Eighty-eight students at Petersburg Elementary School became watershed stewards as they potted tree saplings to grow into trees and replanted the school’s rain garden.
Petersburg’s fifth graders assisted with potting 125 native tree saplings for the newly constructed Grow Out Station. These dogwood, sugar maple, sawtooth oak, and apple saplings will grow in the caged station for one year as students will care for and inventory the progress. As sixth graders, the students will have an opportunity to sell or donate the trees to forest their communities and benefit their school.
Trees were not the only focus of the new stewards. Students were aware of the school’s rain garden (planted in 2013), but were unaware of the many benefits that it provided to the schoolyard, Potomac River watershed, and for native animal habitat.

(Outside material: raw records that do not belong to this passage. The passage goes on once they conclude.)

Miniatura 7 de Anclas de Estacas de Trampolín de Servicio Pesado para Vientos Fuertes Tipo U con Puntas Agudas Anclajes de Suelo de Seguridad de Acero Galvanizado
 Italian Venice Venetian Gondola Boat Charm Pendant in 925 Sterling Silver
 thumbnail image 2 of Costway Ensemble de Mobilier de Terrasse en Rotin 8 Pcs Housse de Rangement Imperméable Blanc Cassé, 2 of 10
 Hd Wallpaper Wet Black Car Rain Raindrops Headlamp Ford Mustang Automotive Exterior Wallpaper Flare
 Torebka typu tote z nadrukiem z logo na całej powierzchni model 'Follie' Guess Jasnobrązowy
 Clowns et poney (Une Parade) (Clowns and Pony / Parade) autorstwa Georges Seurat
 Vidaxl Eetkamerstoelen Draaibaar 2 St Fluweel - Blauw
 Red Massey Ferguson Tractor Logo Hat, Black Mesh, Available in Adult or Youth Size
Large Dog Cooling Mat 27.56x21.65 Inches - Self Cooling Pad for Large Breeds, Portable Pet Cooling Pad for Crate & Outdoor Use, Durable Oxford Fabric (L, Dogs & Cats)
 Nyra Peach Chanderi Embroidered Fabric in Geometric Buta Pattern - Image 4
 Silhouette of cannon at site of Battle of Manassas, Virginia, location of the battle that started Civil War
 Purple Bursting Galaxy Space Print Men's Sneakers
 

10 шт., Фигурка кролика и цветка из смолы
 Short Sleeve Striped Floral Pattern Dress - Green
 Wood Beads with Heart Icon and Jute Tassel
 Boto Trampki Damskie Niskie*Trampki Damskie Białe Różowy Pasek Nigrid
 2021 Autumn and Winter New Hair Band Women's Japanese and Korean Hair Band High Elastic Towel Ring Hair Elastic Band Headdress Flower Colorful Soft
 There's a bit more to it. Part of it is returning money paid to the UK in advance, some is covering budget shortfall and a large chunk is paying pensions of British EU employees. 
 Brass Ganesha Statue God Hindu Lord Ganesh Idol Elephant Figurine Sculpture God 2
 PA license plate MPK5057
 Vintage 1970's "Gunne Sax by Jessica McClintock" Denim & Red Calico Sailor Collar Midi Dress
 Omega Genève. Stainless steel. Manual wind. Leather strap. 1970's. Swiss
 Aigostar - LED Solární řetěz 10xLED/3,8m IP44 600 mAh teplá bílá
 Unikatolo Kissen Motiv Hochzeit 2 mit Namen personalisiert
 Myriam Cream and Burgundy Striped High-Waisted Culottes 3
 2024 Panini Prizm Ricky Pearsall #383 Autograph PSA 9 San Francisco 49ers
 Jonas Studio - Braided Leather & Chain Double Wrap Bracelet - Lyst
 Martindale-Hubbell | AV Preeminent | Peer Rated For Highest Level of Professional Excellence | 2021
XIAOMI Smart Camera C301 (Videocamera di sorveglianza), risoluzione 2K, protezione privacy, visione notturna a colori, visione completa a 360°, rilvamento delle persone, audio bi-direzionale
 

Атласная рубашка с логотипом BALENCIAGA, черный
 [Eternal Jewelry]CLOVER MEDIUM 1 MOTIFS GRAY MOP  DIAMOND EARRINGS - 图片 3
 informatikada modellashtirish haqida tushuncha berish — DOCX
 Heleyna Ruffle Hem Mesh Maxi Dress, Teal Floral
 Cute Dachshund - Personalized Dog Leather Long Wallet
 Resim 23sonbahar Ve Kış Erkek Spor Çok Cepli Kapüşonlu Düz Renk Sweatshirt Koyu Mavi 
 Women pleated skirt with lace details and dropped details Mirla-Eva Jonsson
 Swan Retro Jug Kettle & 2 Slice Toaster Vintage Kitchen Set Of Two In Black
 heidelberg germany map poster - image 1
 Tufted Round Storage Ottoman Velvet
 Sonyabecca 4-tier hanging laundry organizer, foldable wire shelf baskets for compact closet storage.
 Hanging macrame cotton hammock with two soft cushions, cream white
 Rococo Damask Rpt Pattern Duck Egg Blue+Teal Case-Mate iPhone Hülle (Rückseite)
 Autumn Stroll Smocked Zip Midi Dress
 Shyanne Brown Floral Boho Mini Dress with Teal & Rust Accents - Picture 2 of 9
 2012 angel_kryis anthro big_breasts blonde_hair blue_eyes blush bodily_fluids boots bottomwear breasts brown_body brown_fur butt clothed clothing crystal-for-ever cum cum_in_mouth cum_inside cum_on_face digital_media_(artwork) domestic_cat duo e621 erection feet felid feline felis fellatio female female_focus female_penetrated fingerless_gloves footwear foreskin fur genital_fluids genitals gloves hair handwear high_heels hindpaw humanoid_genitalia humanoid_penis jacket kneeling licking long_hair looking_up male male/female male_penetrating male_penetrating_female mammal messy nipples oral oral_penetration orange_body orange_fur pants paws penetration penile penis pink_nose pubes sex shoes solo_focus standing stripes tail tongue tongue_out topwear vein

The eighty-eight students helped to revitalize the existing rain garden with weeding, mulching, and replanting over 100 native plants. Through classroom lessons, the fifth graders became knowledgeable of how the large garden was absorbing potentially pollution-filled stormwater and filtering out the sediment, nutrients, and chemicals to send clean groundwater to the tributaries of the Potomac River. Back in 2013, the rain garden mitigated major puddling in the courtyard. In 2019, the tall shrubs and rain garden plants absorb the extra rain water and create wildlife habitat for birds and pollinators.
Cacapon Institute would like to extend a big thank you to all eighty-eight student volunteers and for project lead, Julie Colaw, for their hard work.